Give again, word for word, each line of the data from the first through the one containing "Hãi hùng với". Pictures stay out.

--- START ---

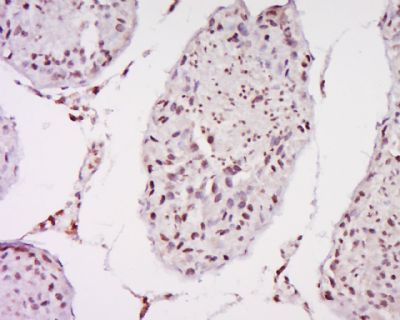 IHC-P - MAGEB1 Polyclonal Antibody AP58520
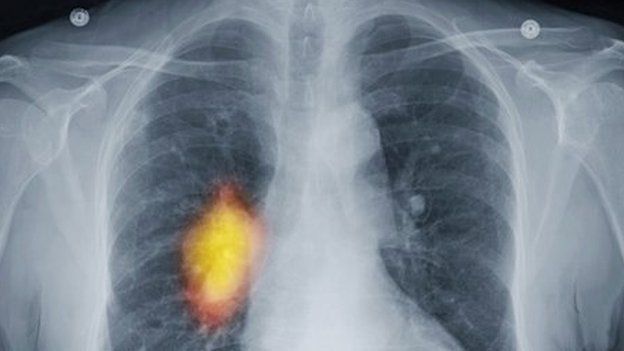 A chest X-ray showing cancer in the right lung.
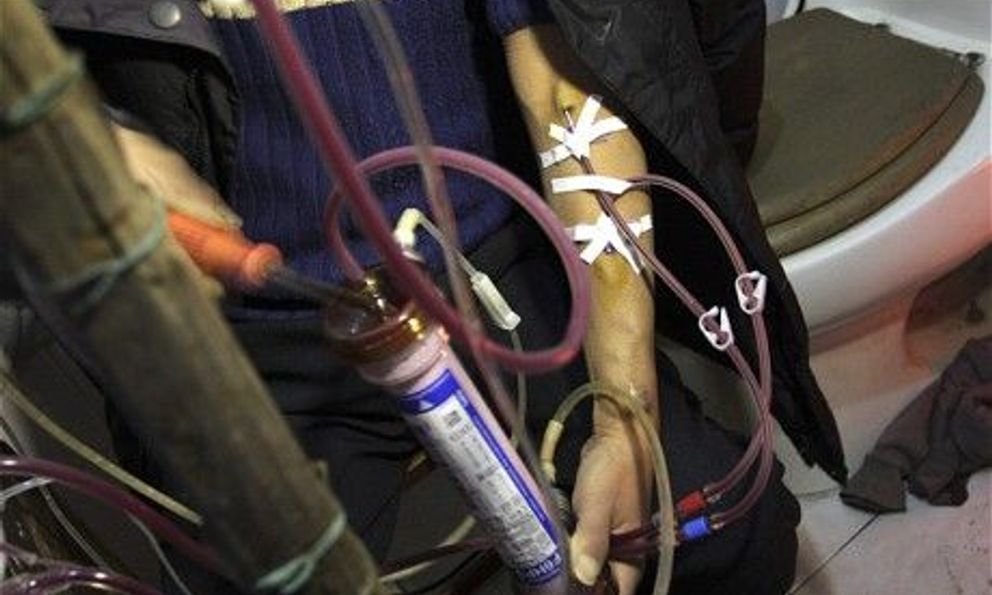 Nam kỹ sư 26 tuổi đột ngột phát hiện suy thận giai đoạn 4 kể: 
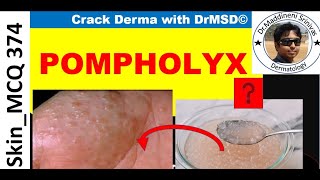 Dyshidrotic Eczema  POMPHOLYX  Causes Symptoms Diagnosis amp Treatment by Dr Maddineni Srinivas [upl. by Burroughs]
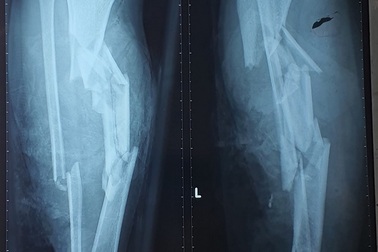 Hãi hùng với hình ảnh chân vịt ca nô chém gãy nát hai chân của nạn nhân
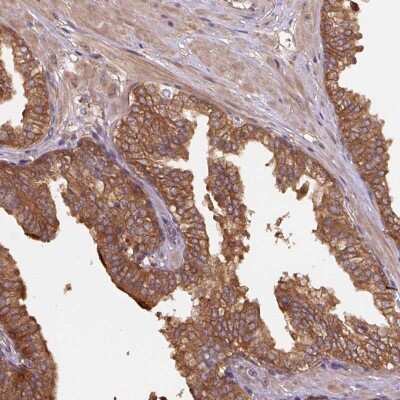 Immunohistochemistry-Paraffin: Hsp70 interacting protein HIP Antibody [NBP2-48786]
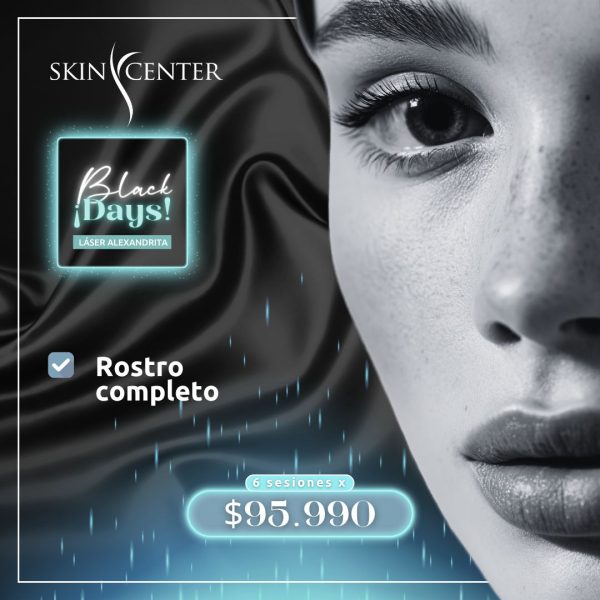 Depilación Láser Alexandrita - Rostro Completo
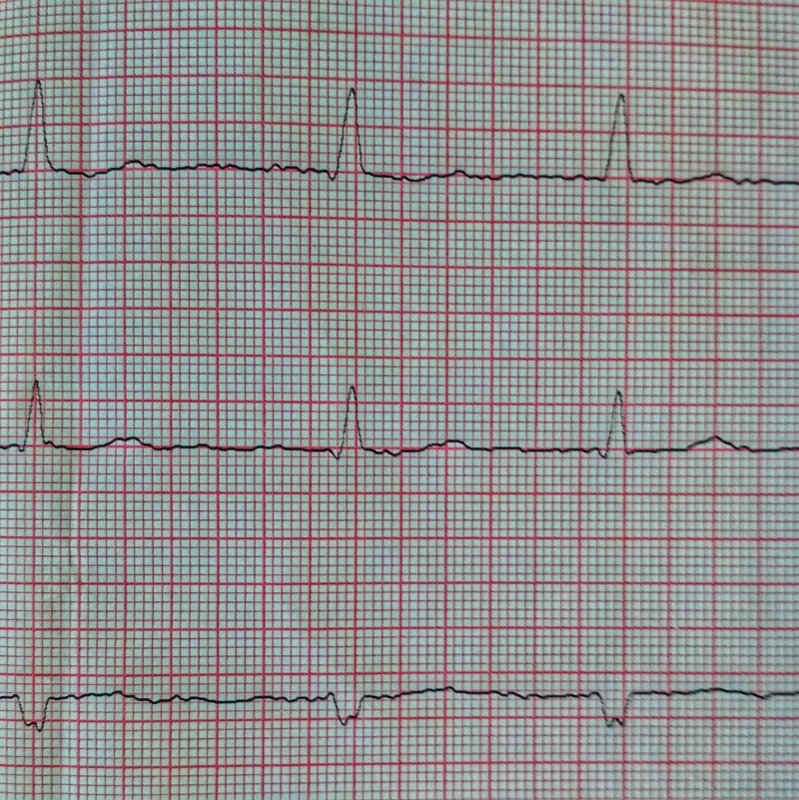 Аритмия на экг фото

--- END ---

■ EXERCISE RESPONSE
 IHC-P - MAGEB1 Polyclonal Antibody AP58520
 A chest X-ray showing cancer in the right lung.
 Nam kỹ sư 26 tuổi đột ngột phát hiện suy thận giai đoạn 4 kể: 
 Dyshidrotic Eczema  POMPHOLYX  Causes Symptoms Diagnosis amp Treatment by Dr Maddineni Srinivas [upl. by Burroughs]
 Hãi hùng với hình ảnh chân vịt ca nô chém gãy nát hai chân của nạn nhân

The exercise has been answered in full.